Downtown LA is now a valued residential community offering cultural events, dining, retail, entertainment, and sporting events. It is also the second largest office market in the region, but only home to two percent of the region’s workforce. Fifteen years ago the City Council passed an adaptive reuse ordinance to create more housing and City (and County) leaders should build on that success by leveraging its underutilized real estate, such as the LA City Mall, Parker Center, and Lincoln Heights Jail, to foster the development of a more robust business community. There are presently early elements of a tech ecosystem – The Reef (formerly LA Mart), Hub LA, Cross Campus, a few select colleges, WeWork, and the Mindshare – that could expand with the development of more low-cost office and industrial space. And the City and County could also employ this strategy to accelerate the development of a biotech ecosystem that will begin to take shape when the University of Southern California advances the development of a biotechnology park adjacent to its Health Science campus. Judging by the number of cranes in the sky, we can see that downtown’s economic revitalization is fully underway, and with the right alignment between government, academia, and industry, the creation of well-paying jobs will follow.

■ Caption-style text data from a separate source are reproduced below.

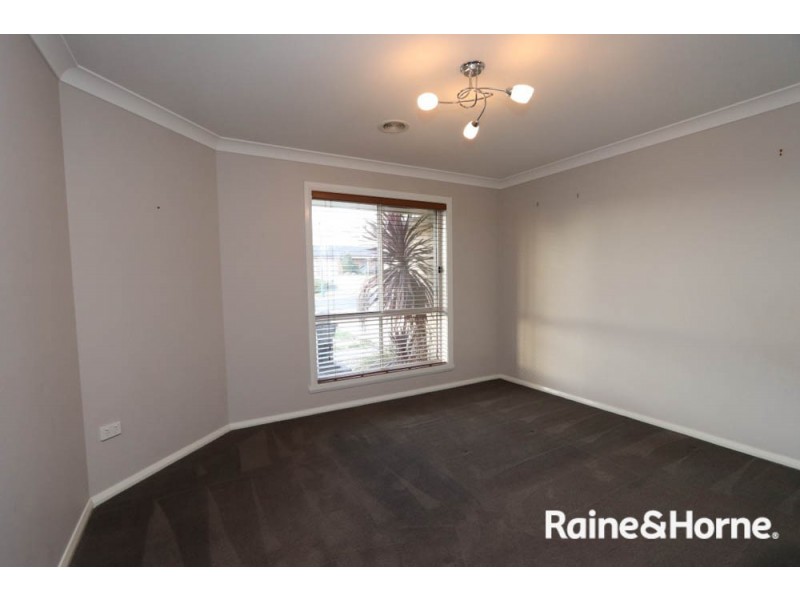 1 Edye Cl, Kelso NSW 2795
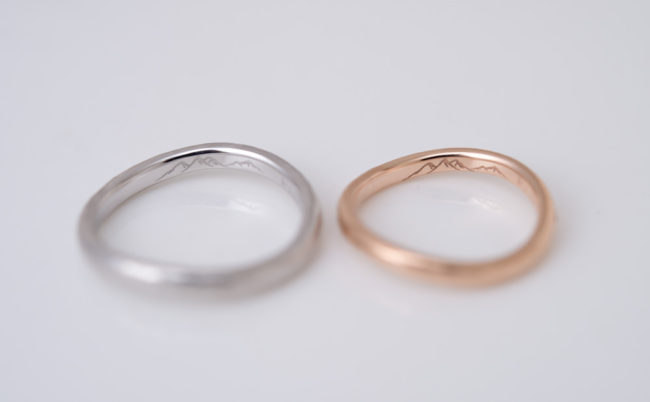 槌目模様の波ライン結婚指輪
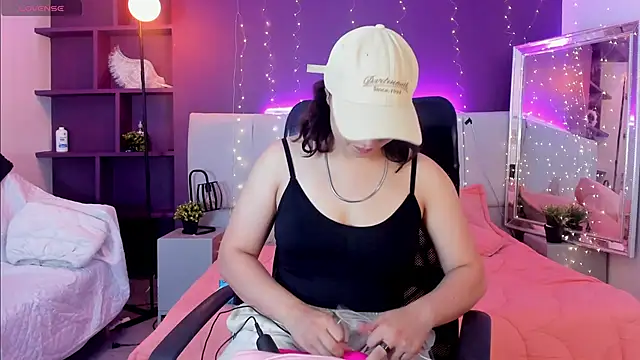 Snapshot of VickyBuunny chatting on March 13, 2025, 2:01 pm VickyBuunny online show from March 13, 2025, 2:01 pm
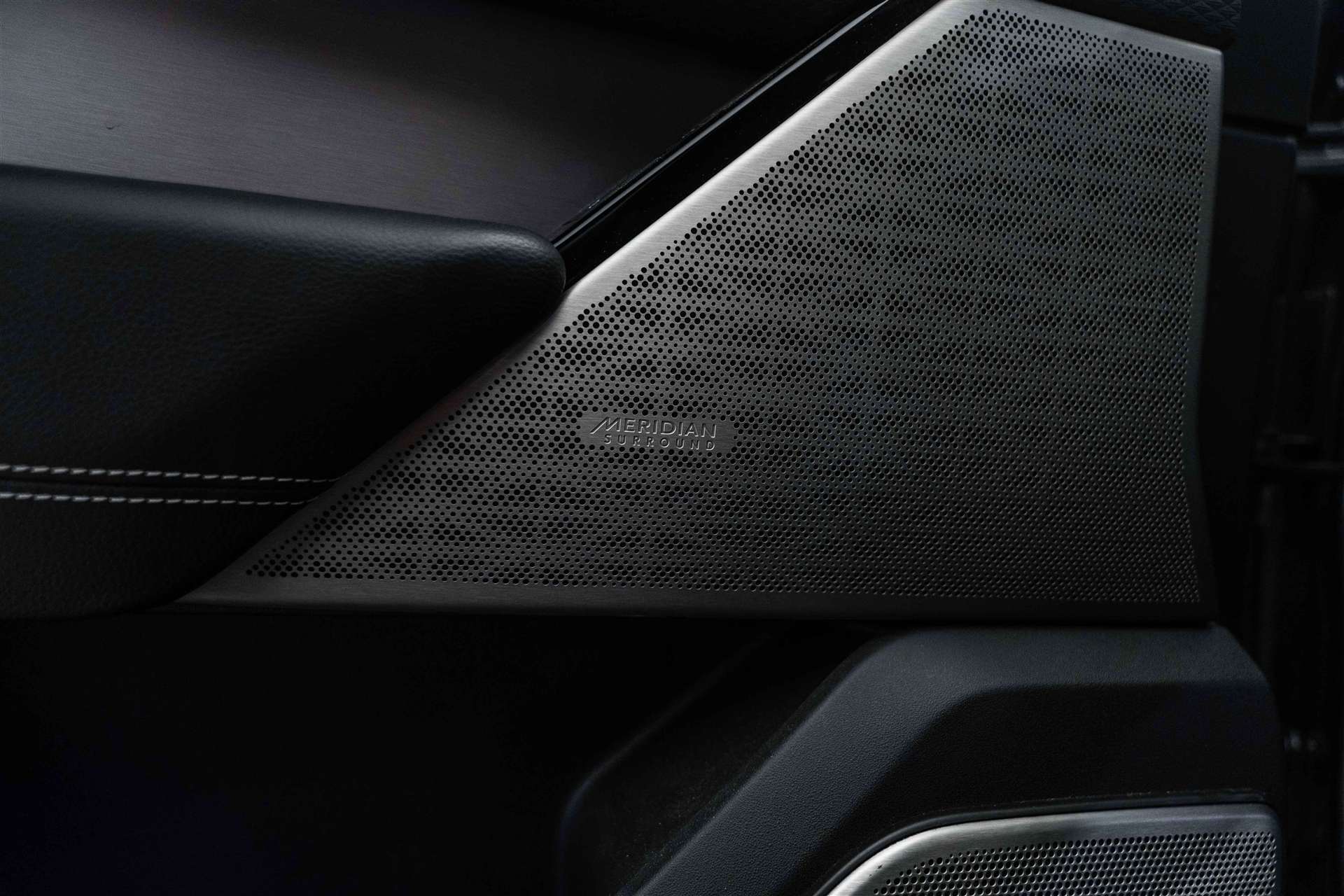 LAND ROVER Range Rover Velar D 300 Automatic-image-15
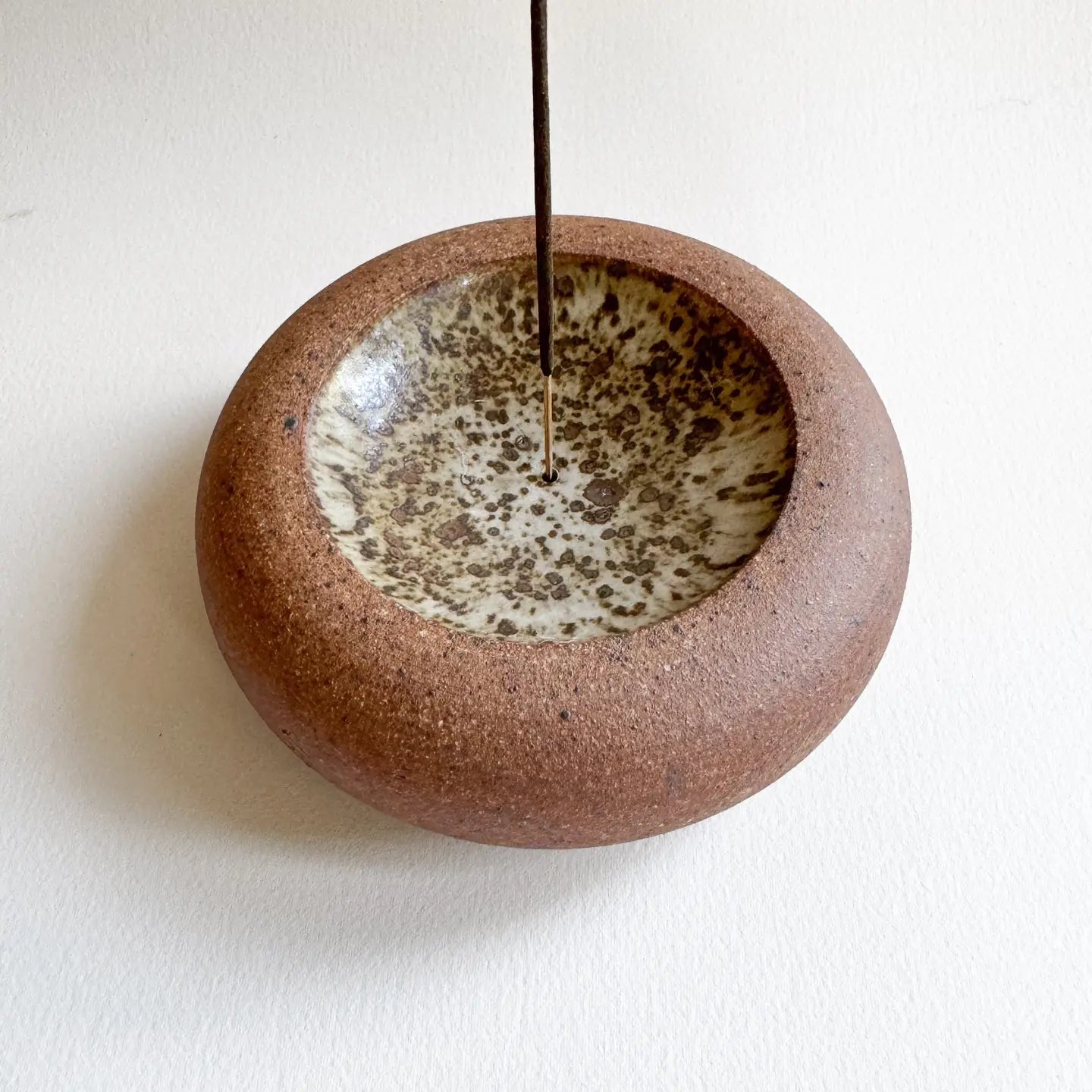 SOMBRA / mossy sandstone incense holder 004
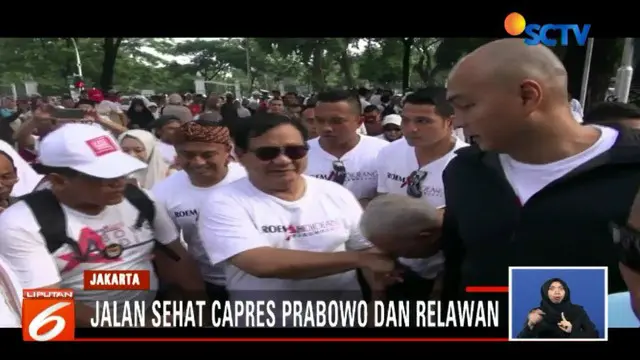 Sesampainya di Lapangan Banteng yang menjadi titik finish jalan sehat, Prabowo disambut tokoh politik pendukungnya seperti Amien Rais hingga Titiek Soeharto.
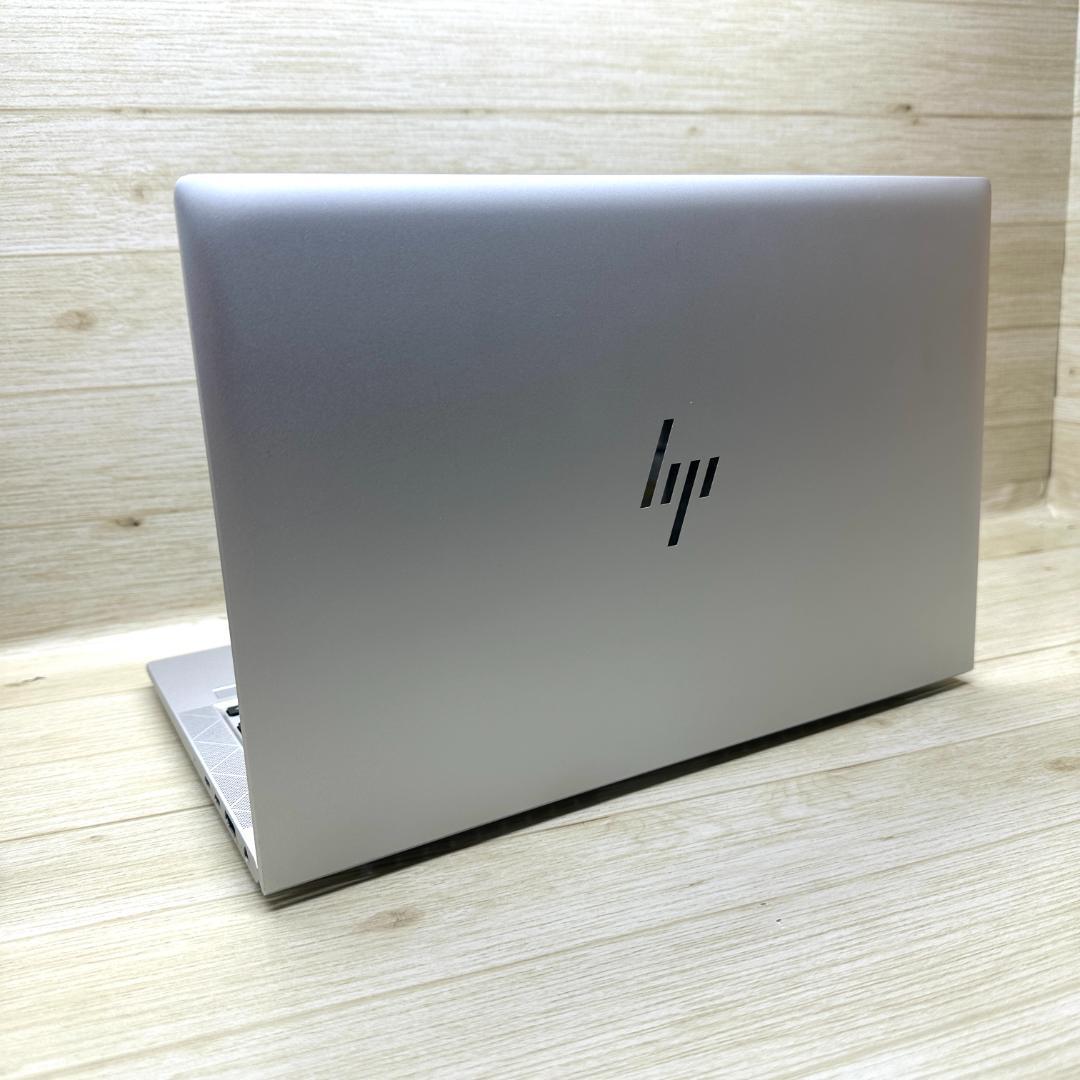 2022年製 第11世代Corei7 メモリ16GB HP J16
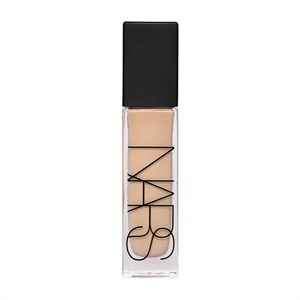 کرم پودر Natural Radiant Longwear Foundation نارس رنگ mont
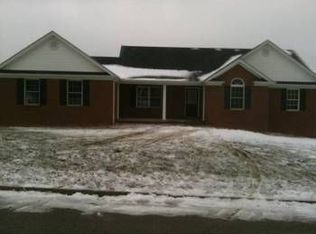 155 Pin Oak Dr, Lancaster, KY 40444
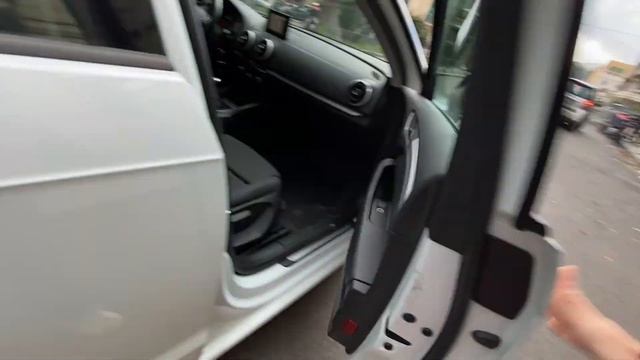 AUDI A3 SPB 1.6 TDI clean diesel Ambition
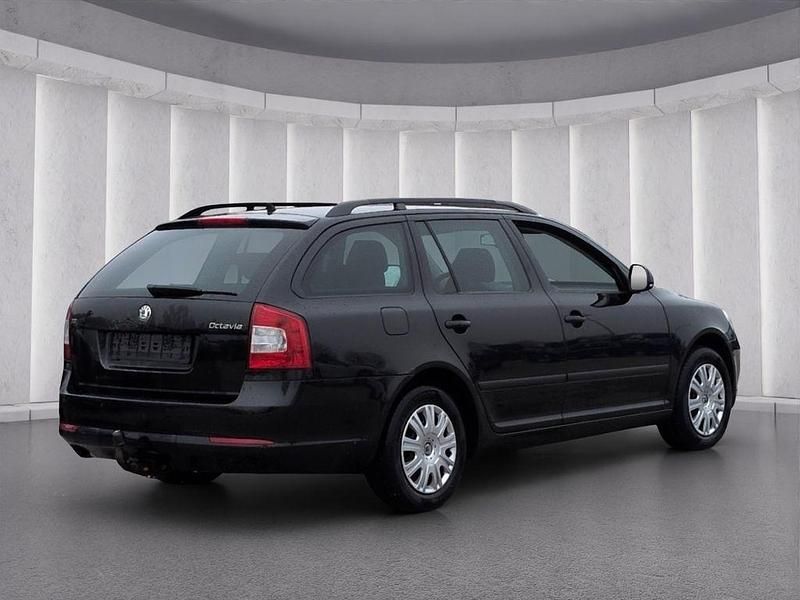 Gebraucht Skoda Octavia Ambition 105 PS (77 kW) 2012 Schwarz Kombi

LA is no longer Dorothy Parker’s “72 suburbs in search of a city.” It is a landscape of diverse and unique communities that, with the right public/private investments, will attract a new generation of investors and entrepreneurs looking to turn their ideas into successful businesses that sustain LA’s economic vitality. After all, while we all know that Howard Hughes’ passion for aviation and the silver screen are legendary, it was his visionary investments in real estate that carry his legacy into the 21st century.